集中しろ…飛刃を打ち消した時を思い出せ。マナと気をもっと融合させろ、身体全体を使って練り込め。拳だけじゃなく全身に行き渡らせろ。


そして……!


「打つ!」


上段から振り下ろされた斧を迎え撃つ。軽い衝撃と共に、斧が砕け散る。

まだ終わらせない。マナ、気、筋肉全てを連動し、オークジェネラルの懐に入る。


“おおおおおおおお!!”

“決めろ!スイッチ!!”

“いけるぞこれ!”

“三つ星モンスターと対等にやれてるのやべえwww”

“凄すぎてコメント出来ん”


その瞬間、異変を察知。オークジェネラルの口腔に、マナと気が集まっていく。そしてそこから、俺を中心に広範囲の何かが来ることを、魔眼が捉えた。


「ガアアアッッ!!」


雄叫びと共に、灼熱の吐息が俺に襲いかかって来た。

ファイアブレス。主に爬虫類型や鳥獣型のモンスターが獲得している事が多く、人型が獲得している事が稀なスキル。

それを魔猪の、しかもオークジェネラルが使う事など予想していなかった。


“あ”

“うわ”

“嘘だろ”

“チャーシューの意趣返しかな?”

“スイッチーぃいいいいい!!”


俺は、スピードを維持したまま無意識に手を手刀に変える。

炎ではなく、炎に混合しているマナと気目掛けて手刀を振り下ろす。

魔眼を通して分かる。ファイアブレスの練度が、遠距離から余裕を持って放っていた飛刃よりも劣っている事を。不安定な混合で放たれたそのスキルでは、マナの質も、気の量も俺に及ばない。故に……


スパンッ。小気味よく炎が分断される。視界が開け、オークジェネラルが目と鼻の先に見える。


「お前の戦い方、勉強になったよ」


オークジェネラルの膝を、飛び蹴りで鎧諸共砕く。バランスを崩し、絶叫と共に倒れ込んでくる敵へ、俺は貫手を繰り出す。狙いは、体の奥に埋まっている青い球体。


「ひとぉつッ!」


今度は鎧を貫通し、肉を断つ感触が伝わってくる。そして、『ソレ』を掴んだ瞬間、勢い良く引き抜く。


「ブモオオオアアアアアア!!!?」


「モンスターって良いね。腹ぶち抜いても、血が出ずにマナになるんだから」


引き抜いた青黒いビー玉みたいなコアをしげしげと眺めながら呟く。ビー玉よりは柔らかく、ゴムよりは固い。そんな感触だ。
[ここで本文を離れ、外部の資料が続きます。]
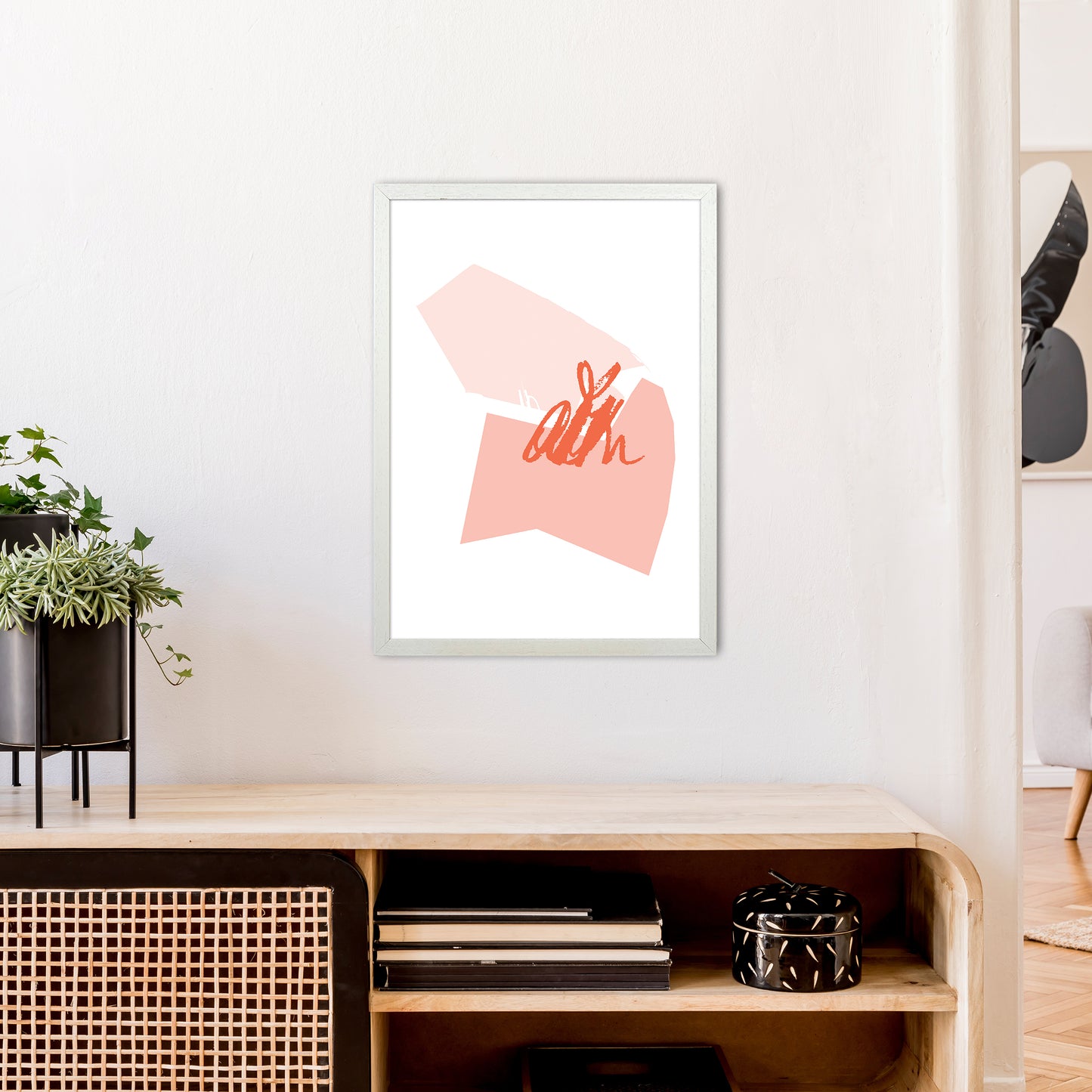 Pink And Coral Palette Shapes Art Print by Pixy Paper A2 Oak Frame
少し力を込めると、軽い音と共にコアが砕けた。


“ええええええええええ!?”

“炎ぶった斬ったと思ったらコア引き抜きやがったwww”

“モツ抜きエッグいなぁww”

“情報量が多いわ!w”

“はえーそんな事出来るんすねー”

“コアをピンポイントで狙ったんか!?”

“魔眼でコアの位置分かるなら便利すぎんか?”

“スイッチとオークジェネラルの戦い激し過ぎてコメント打てねえww”


「グモアアアアアアアアアッッ!!!」


膝の再生を終えたオークジェネラルが、怒りの咆哮と共に残った斧を振り回す。

しかし、二刀流だった時とは違い、隙だらけとなった攻撃は、もう見慣れてしまった。


「ふたぁつ!」


逆袈裟をカウンターで弾くと同時に手首を掴み、そこに存在しているもう一つのコアごと握り潰す。


「ボ、ガ……ッ!?」


全てのコアを失ったオークジェネラルは、さっきまでの激しい動きを止め、ゆっくりと地面に崩れ落ちた。その巨体が、マナとなって俺に吸収されていく。


「ありがとう。お陰様で、強くなれたよ」


オークジェネラルがいた場所に頭を下げる。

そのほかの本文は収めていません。